Réponse : Il est vrai que les textes présentent un certain nombre de contradictions apparentes et de difficultés.
Cependant, c’est le cas même à l’intérieur des textes eux-mêmes, y compris le Coran. Par exemple, en 35:8, il est dit que « Dieu égare qui il veut, et guide qui il veut », alors qu’en 30:9, il est dit que « Ce n’est pas Dieu qui leur fit du tort ; mais ils se firent du tort à eux-mêmes. » Qui est donc responsable de l’errance des hommes, Dieu ou eux-mêmes ? De même, en 51:56, Dieu dit « Je n’ai créé les djinns et les hommes que pour qu’ils m’adorent. » Or, en 35:15, il est dit « Ô hommes, c’est vous les indigents qui avez besoin de Dieu ». Est-ce que c’est Dieu qui a besoin des hommes, ou l’inverse ?
De telles difficultés dans le sens apparent du texte ne signifient pas que tout est à jeter, mais simplement qu’il faut les lire en faisant plus attention, en appliquant certaines distinctions conceptuelles, etc.

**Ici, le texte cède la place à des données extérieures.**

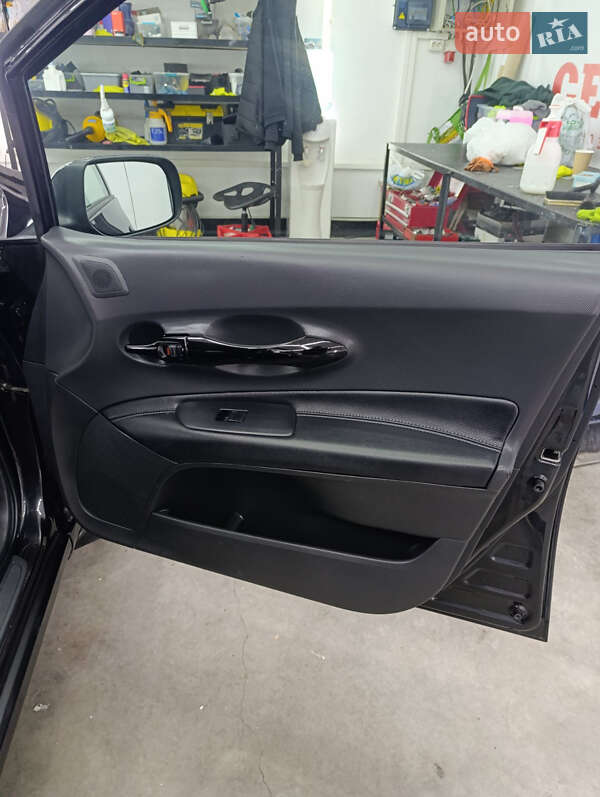 Хетчбек Toyota Auris 2008 в Чернівцях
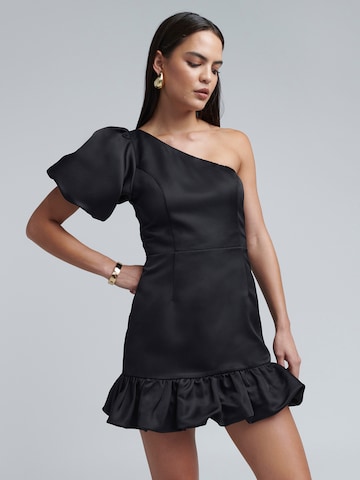 BWLDR Cocktailjurk 'NYAH' in Zwart: voorkant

De même, les incompatibilités apparentes entre les écritures juives et chrétiennes d’une part, et l’Islam d’autre part, pourront être résolues avec un travail de bonne foi et la grâce de Dieu.
Étant donné que le Coran, les savants les plus anciens, la raison et même l’état actuel des connaissances historiques nous enseignent que les textes juifs et chrétiens n’ont pas été textuellement corrompus, alors il ne peut logiquement pas y avoir de contradiction profonde entre eux et l’Islam, puisque tous viennent de la même source, à savoir Dieu.
Fatwa vériste
Fatwa : Les textes sacrés juifs et chrétiens, notamment la Torah, les Psaumes et l’Évangile, n’ont pas été altérés textuellement. Les déformations qu’ils ont subi selon le Coran sont des erreurs d’interprétation et non une modification des textes en eux-mêmes. Dieu protège ses révélations. Ceux qui le nient en disant que les Écritures ont été textuellement corrompues sont dans l’erreur. Ceux qui nient que le sens de l’Écriture puisse être soumis à des erreurs d’interprétation sont dans l’erreur. Ceux qui nient que les gens du Livre ont parfois produit de faux textes sacrés, par exemple le Livre de Mormon, sont dans l’erreur.